野口整体では、病症そのものを対象とせず、身体が整うことを第一とします。「整体である」とは、病症がある場合、病症経過を理解することです(本章一 1参照)。病症理解には、指導者による潜在意識の観察が鍵となります。
それは、4で紹介したホリスティック医学の理念⑤の「病の深い意味」を捉える上で、指導者の関与は必要なものだからです。
整体指導(個人指導・活元指導)は「体自身の自然的な力の発揚」を応援するもので、野口整体は「病症を自然経過する」ことで、「生命への信頼」を培う道なのです。
このため、「生きているとは」という生命哲学・生命観を養う全生思想(野口晴哉著『治療の書』『風声明語』『偶感集』『大弦小弦』、野口昭子著『回想の野口晴哉』など生命観に関する書)に学ぶことが肝要です。

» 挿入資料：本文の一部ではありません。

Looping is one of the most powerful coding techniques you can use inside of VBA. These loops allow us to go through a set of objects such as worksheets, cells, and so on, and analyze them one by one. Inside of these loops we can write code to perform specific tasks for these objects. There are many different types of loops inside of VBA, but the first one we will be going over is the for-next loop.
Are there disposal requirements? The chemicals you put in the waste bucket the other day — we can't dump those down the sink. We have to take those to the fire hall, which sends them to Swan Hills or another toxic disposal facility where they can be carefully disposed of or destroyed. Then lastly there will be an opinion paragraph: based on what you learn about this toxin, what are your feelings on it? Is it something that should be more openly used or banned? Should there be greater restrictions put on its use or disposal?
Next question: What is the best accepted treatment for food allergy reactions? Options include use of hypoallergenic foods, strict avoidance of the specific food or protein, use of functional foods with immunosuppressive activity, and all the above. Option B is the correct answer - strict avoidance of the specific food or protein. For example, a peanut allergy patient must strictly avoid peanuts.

また、師は「続療病談義 道は通じて一たり」で、次のように述べています。
解剖生理の学を修むるに一生懸命になることは大いによい。しかし解剖生理の学を知らないで治療を為すことは出鱈目だというような考えは本当ではない。
人間の本能的行為である療術行為は、必ずしも解剖生理の学に準拠するものとは限らないし、解剖生理の学から出発しているものでもない。

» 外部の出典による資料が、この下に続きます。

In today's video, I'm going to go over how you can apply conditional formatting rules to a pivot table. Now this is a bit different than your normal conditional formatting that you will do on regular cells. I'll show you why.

犬や猫が自己治療するに解剖生理や薬物学を知って、舌で傷口をなめ草を嚙じるのかと問うこともあるまい。乳児が母親の乳房を吸うは果して知識の故か。
療術行為の出発点は知識でなくて本能である。
私は本能的能力と、東洋宗教を思想基盤として生じた野口整体を社会的に位置づける、そしてより意識の高い人々に伝わるため、「近代科学を相対化(一つの見方が唯一絶対ではないと)して理解する」という石川氏の手法を取り入れました。
東洋宗教を全くというほどに伝えられていない現代人にとって、野口整体を理解する初めとして、西洋医学の「科学性」を理解することが必要なのです。

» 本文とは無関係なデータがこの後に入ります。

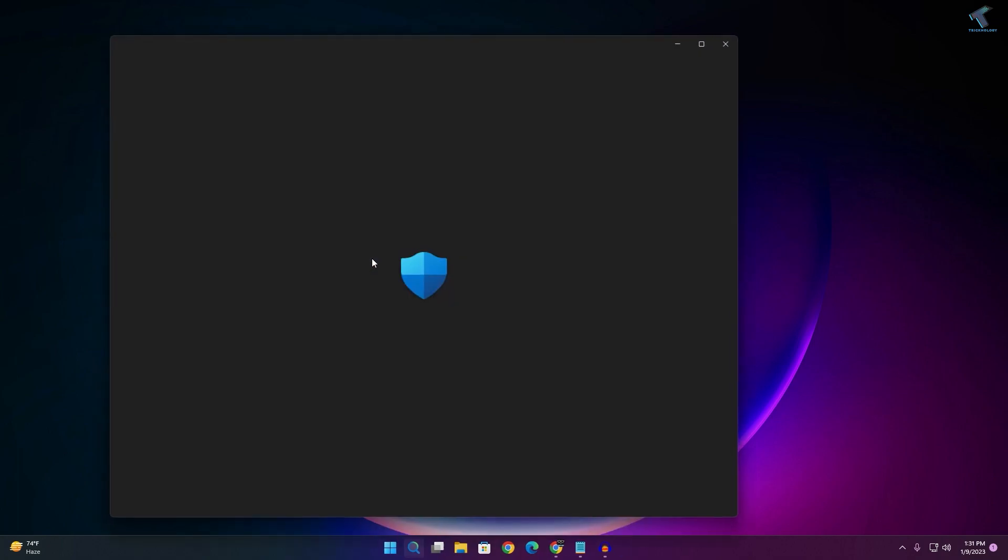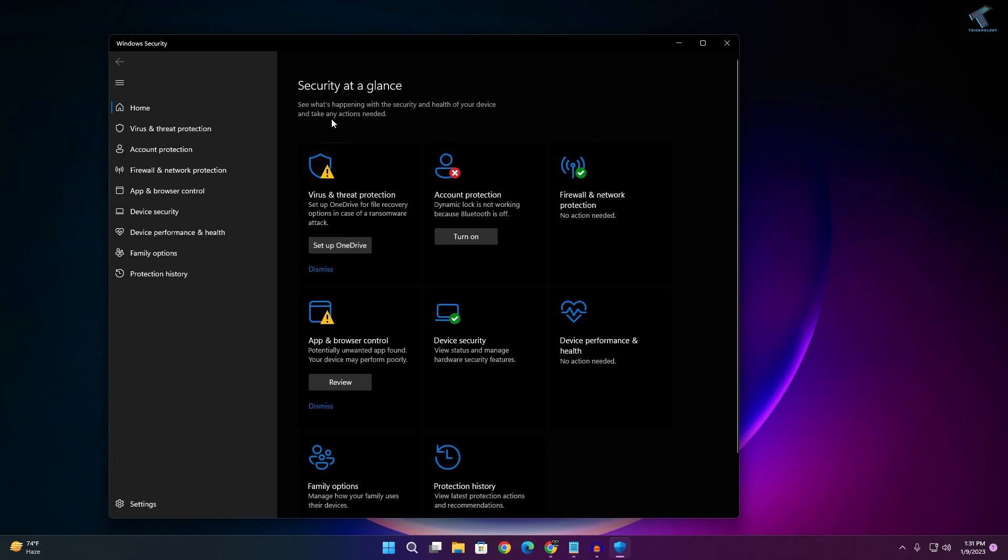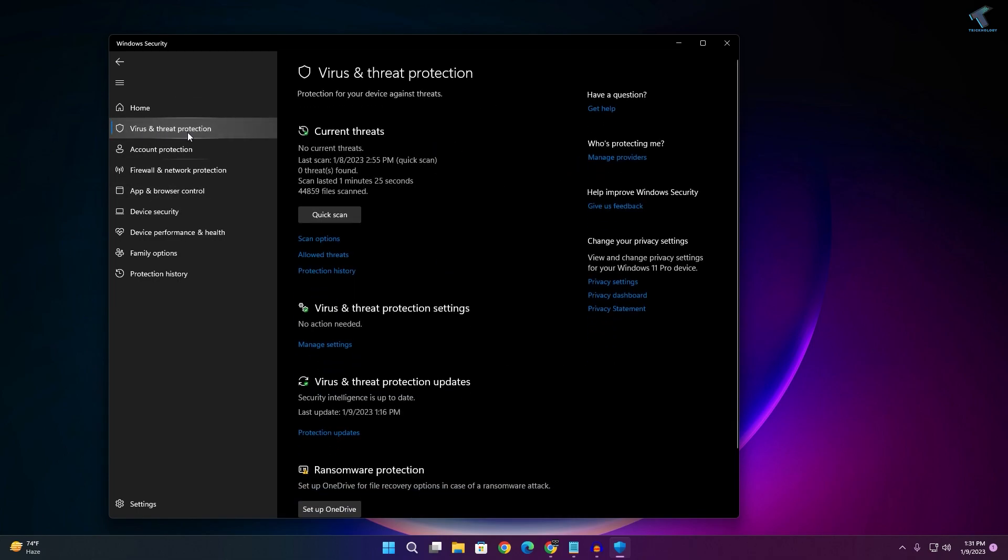Here it is, as you can see Windows Security. After you open Windows Security, click on Virus and Threat Protection.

石川氏は『新しい日本の教育像』「第三章 文明の特質に及ぼす世界観の相違」の前文で「盲目的な西洋文明追随の呪縛から脱却し、日本人が進むべき方向性の手がかりをつかむ」と述べていますが、この「盲目的西洋文明追随」に対する考え方は師野口晴哉と同じです。
学びが進む中、折良く出会うことができた石川光男氏の著作からの影響は大きく、「科学の哲学性」を学び、そして「ユング心理学」へと流れを導いていただいたように思います。